I tend to write much of what I do for those who reload for production. Those are folks expecting good utility in exchange for the expense and effort: a reliably-performing round of ammunition, over and over again. They’re loading and reloading because they like to shoot. It’s a big bonus to most, and I include myself in this group most of the time, if that good performance comes with a minimum of effort. Clean, size, prime, fill, seat, shoot. Five steps to get to the one thing that matters most: shoot! I am also in another group some of the time, not as often now as I once was, and those folks may add a few more steps before getting to the “shoot” part (case prep mostly).

It would be wonderful if that simple cycle endured without end. But it won’t.

Overall case condition after X-many firings varies A LOT because of a lot of factors, variables. What matters is getting a handle on it. I look over each case each time I load it, but I don’t break out the measuring tools. That’s not neglect. There is never (ever) any excuse for neglect. That’s not what this is about. It’s about working out a responsible, reasonable, and realistic schedule for when to take a close look at the progress in condition that new batch of cartridges cases has followed after some time.

In my experience, which is what’s in my notes, I say that’s 4 firings.

I went through the per-use checks enough times to know the schedule one brand and lot of brass, used with the same loads in the same barrel, follows with respect to changes. And by that I mean when changes require attention. I’m also starting with prepped cases, including trimming, before their first firing.

Let me make clear that I’m not suggesting that 4 firings is maximum case life! What I am suggesting is that this is the point where it’s likely to see measurable influences from use and reuse, and, as such, that it can be measured. That’s what we’re after now: take a check to see what’s happening, and that also is a big help toward getting clues about where and when these changes might get noticeably influential.

So, to be clear: the case has been fired four times, reused three times. Next loading, if there will be one, will be for the fifth use.

chamber reamer
We, or more correctly, our cases, are at the mercy of this thing: a chamber reamer. It sets the amount of space the case can expand into.

Changes
Continuing to use and reuse cases, we’re not really using the same cases each time. The cases change, and much of the change comes from material flow, which is brass.

Here’s how it goes, which is to say here’s how it flows: Case neck walls get thicker. The case head area body walls get thinner, over a short span of the body. Primer pockets get shallower and larger diameter. Overall, the alloy hardens over the whole case.
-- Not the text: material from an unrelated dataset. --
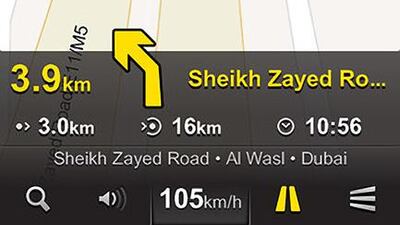 The Smart Drive app is a free voice-activated navigation app for the entire UAE. It gives live traffic updates for Dubai, detailing any congestion, diversions and crashes, though only if the user has internet access. Uses different colour codes to indicate traffic. It is a reliable substitute to Google Maps and one of RTA’s best apps. The app, which can provide 3D views of buildings, has been downloaded 30,774 times.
As gone on about a few times in this spot, there’s going to be more change in cases run through a semi-auto than those used in a bolt-action. That’s because of the necessarily additional (comparatively speaking) sizing and also the additional stress resulting from the firing cycle. There’s more flow because the cases are free to expand more.

drop bullet
A simple, and important, test to check if case necks walls have thickened excessively is to take a fired case and drop a bullet in it. If it won’t drop without resistance, stop! That’s way too much.

The Neck
All case necks expand to whatever the chamber allows. There’s no relationship between that and sized dimension because, clearly, there has to be a small enough neck inside diameter to retain the bullet. It is, though, one of the reasons case necks tend to give up quickest (plus it’s the thinnest-walled area on a case).

The case neck is my primary concern, and the first thing I check. If the walls get too thick it’s possible to cut the space too close between the case neck and the case neck area in the rifle chamber. There might be interference upon bullet release, and that creates excessive pressure, or sure can. All that depends on what the chamber allows for expansion room.

The most simple check is to see if a bullet will freely drop into a fired case neck. If it won’t, stop! Do not reuse that case as-is. A case that won’t pass this no-tool test has excessively thickened.

Somewhere in your notes should be a figure indicating loaded outside case neck diameter, on new brass. This dimension is exclusive of the sized neck diameter, because when the bullet is seated the neck is going to expand to accommodate the bullet. Another check of loaded outside neck diameter will show if there’s been thickening. If an inside neck sizing appliance is used (a sizing button), then that will tell you also, comparing it to what you also recorded for the new case after sizing it. (And it’s a good reason to always run new brass through your sizing die, even if it’s “ready to go” out of the box.)

I hope it’s clear enough why it’s important to “write everything down.” References, standards are big helps.

Direct checks of the neck walls themselves using a suitable tool will show thickening. However! Case necks don’t necessarily thicken the same over the entire height of the case neck cylinder. Remember, the brass is flowing so moves in a direction, and that part of the case has a wave going forward, toward the muzzle. There can and likely will be a tapering from thicker to thinner. Measure at more than one point.

Safety is one thing, and the most important thing, and then the other thing is accuracy. Case neck “tension” needs to be consistent from loading to loading to get reliable accuracy.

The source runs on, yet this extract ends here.